Problem to solve ->
Each record that follows should be repeated exactly, minus any images.

Source material ->
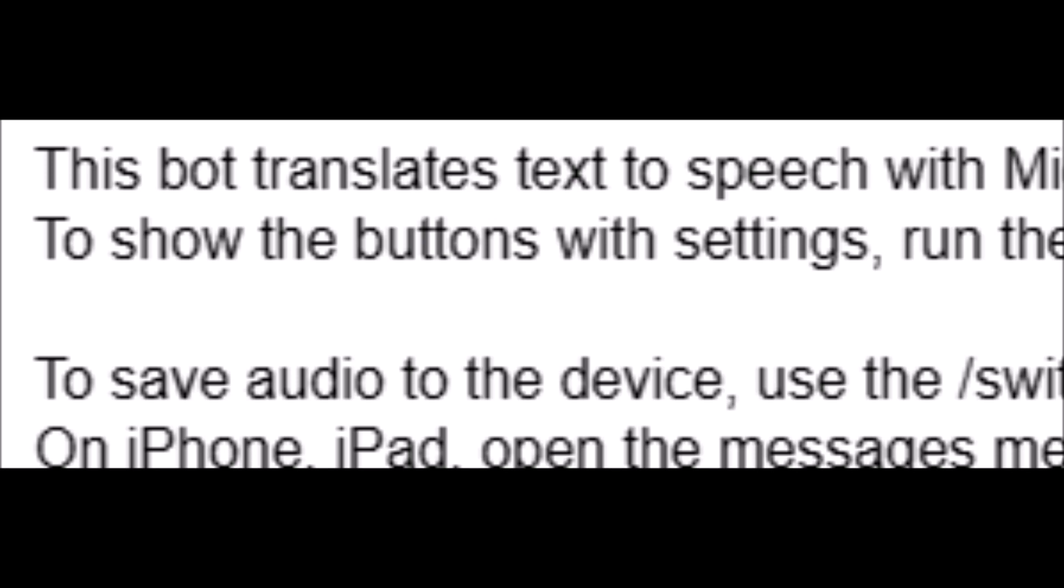Currently selected voice, Microsoft Jenny Online, Natural, English, United States. Voice pitch is 0, and voice rate is 0.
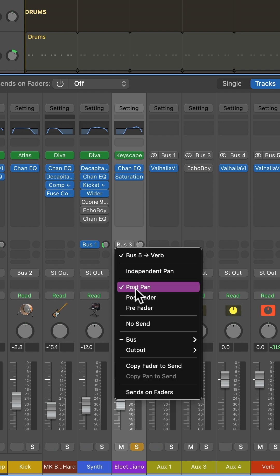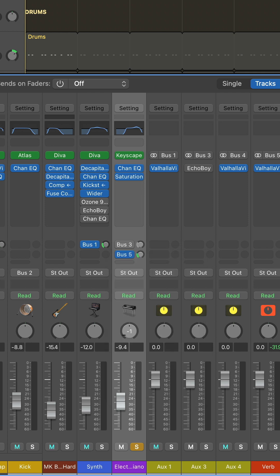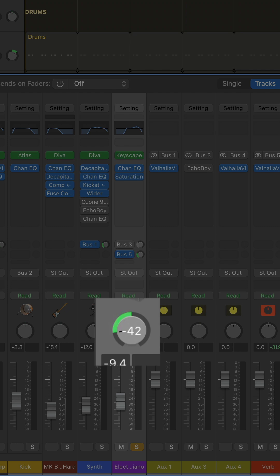When we create a send or bus, the Logic default in most cases is post-pan, and this means if I've panned the track, the reverb is going along with the panning.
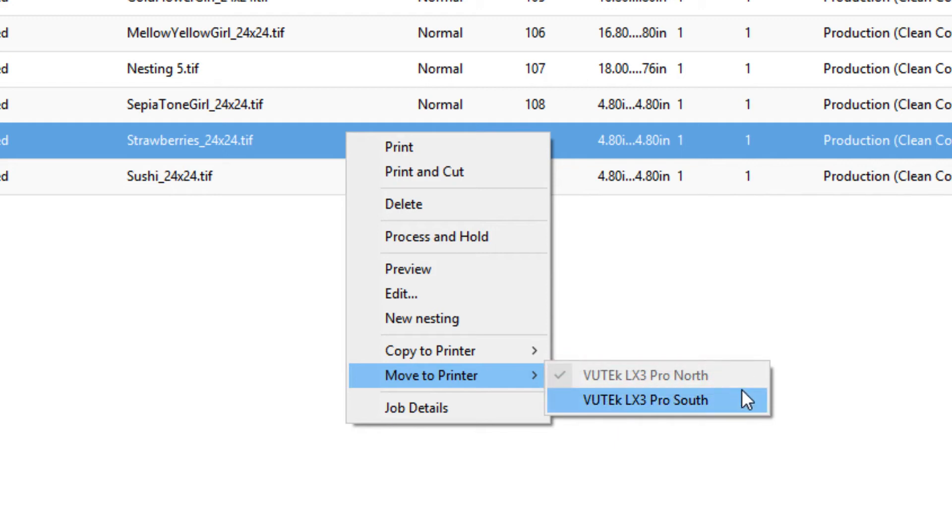Select another printer from the list, and the job will be set to print on the newly selected printer instead of the original printer.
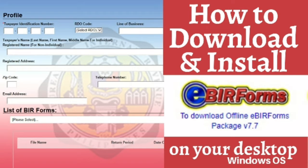Did you know that you can file and pay for your taxes even without leaving your home? And also, you can do this without the need to print out and manually fill out the complicated BIR forms. This is something that I just learned recently, and this is made possible by the eBIR forms application that is available for download through the BIR website. eBIR forms application allows you to file for your taxes electronically, making it easier and hassle-free for taxpayers like us.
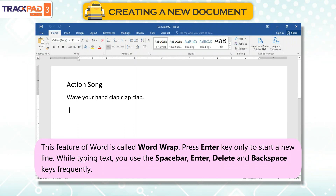While typing text, you use the Space Bar, Enter, Delete, and Backspace keys frequently.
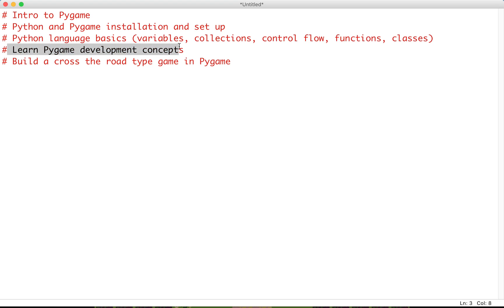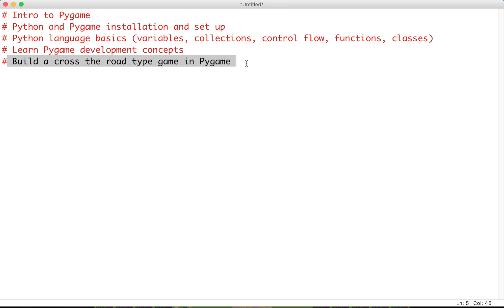After this we'll learn about the actual Pygame development concepts. We can talk about how to pull up screens, how to actually render objects onto screens, the notion of the big game loop that is going to run and check everything, introduce concepts such as movement and collision detection, and finally we'll end up building our cross the road type game in Pygame.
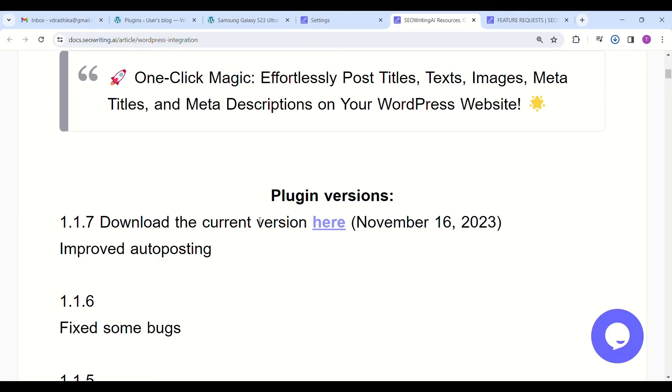You can connect your WordPress site for auto posting of articles. Just click on the download button. The download will be in zip format. Seawriting.i is a best and affordable tool to write and auto post the contents to your site with meta data.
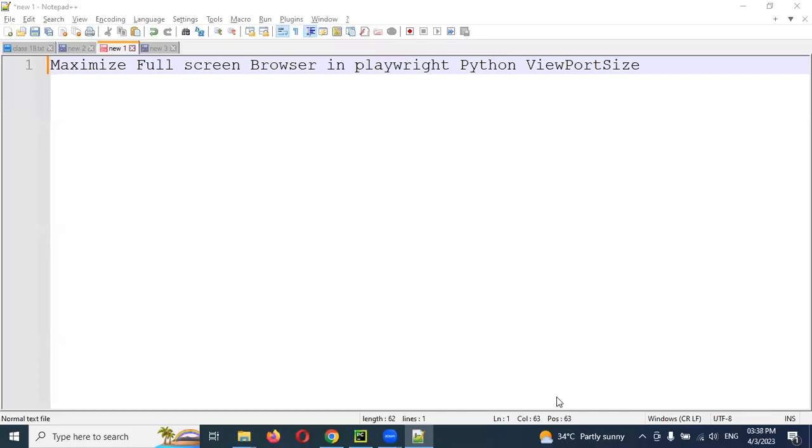Hi friends, welcome to testing tutorials point. This is Lokesh and today we are going to discuss how to maximize our full screen browser in Playwright Python by using viewport size and set viewport size.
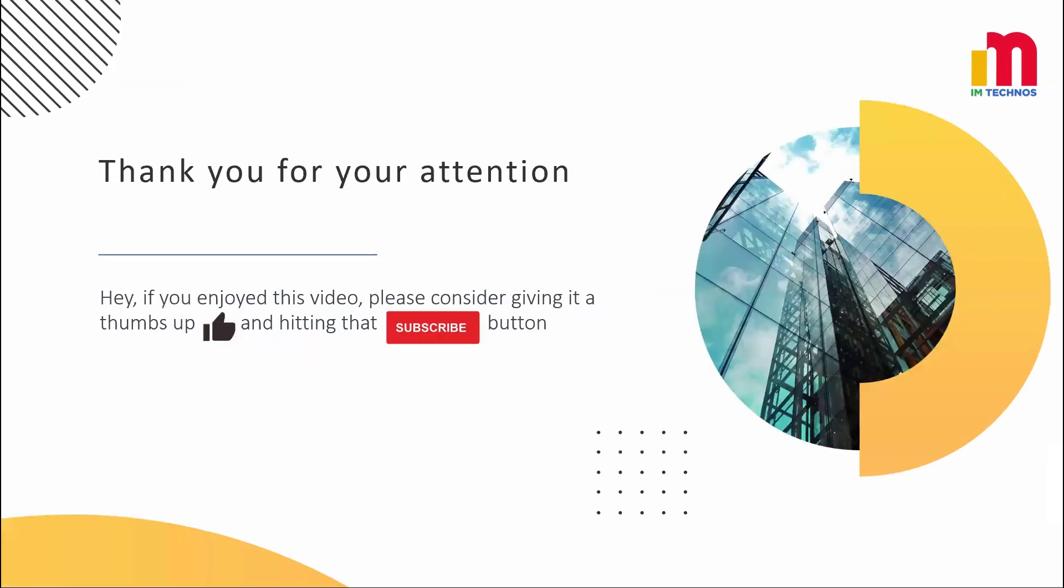So that's it for today. If you have any questions, feel free to drop them in the comments below. Thank you for watching and I'll see you in the next video. Take care and happy learning.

Solved exercise ->
Currently selected voice, Microsoft Jenny Online, Natural, English, United States. Voice pitch is 0, and voice rate is 0.
When we create a send or bus, the Logic default in most cases is post-pan, and this means if I've panned the track, the reverb is going along with the panning.
Select another printer from the list, and the job will be set to print on the newly selected printer instead of the original printer.
Did you know that you can file and pay for your taxes even without leaving your home? And also, you can do this without the need to print out and manually fill out the complicated BIR forms. This is something that I just learned recently, and this is made possible by the eBIR forms application that is available for download through the BIR website. eBIR forms application allows you to file for your taxes electronically, making it easier and hassle-free for taxpayers like us.
While typing text, you use the Space Bar, Enter, Delete, and Backspace keys frequently.
After this we'll learn about the actual Pygame development concepts. We can talk about how to pull up screens, how to actually render objects onto screens, the notion of the big game loop that is going to run and check everything, introduce concepts such as movement and collision detection, and finally we'll end up building our cross the road type game in Pygame.
You can connect your WordPress site for auto posting of articles. Just click on the download button. The download will be in zip format. Seawriting.i is a best and affordable tool to write and auto post the contents to your site with meta data.
Hi friends, welcome to testing tutorials point. This is Lokesh and today we are going to discuss how to maximize our full screen browser in Playwright Python by using viewport size and set viewport size.
So that's it for today. If you have any questions, feel free to drop them in the comments below. Thank you for watching and I'll see you in the next video. Take care and happy learning.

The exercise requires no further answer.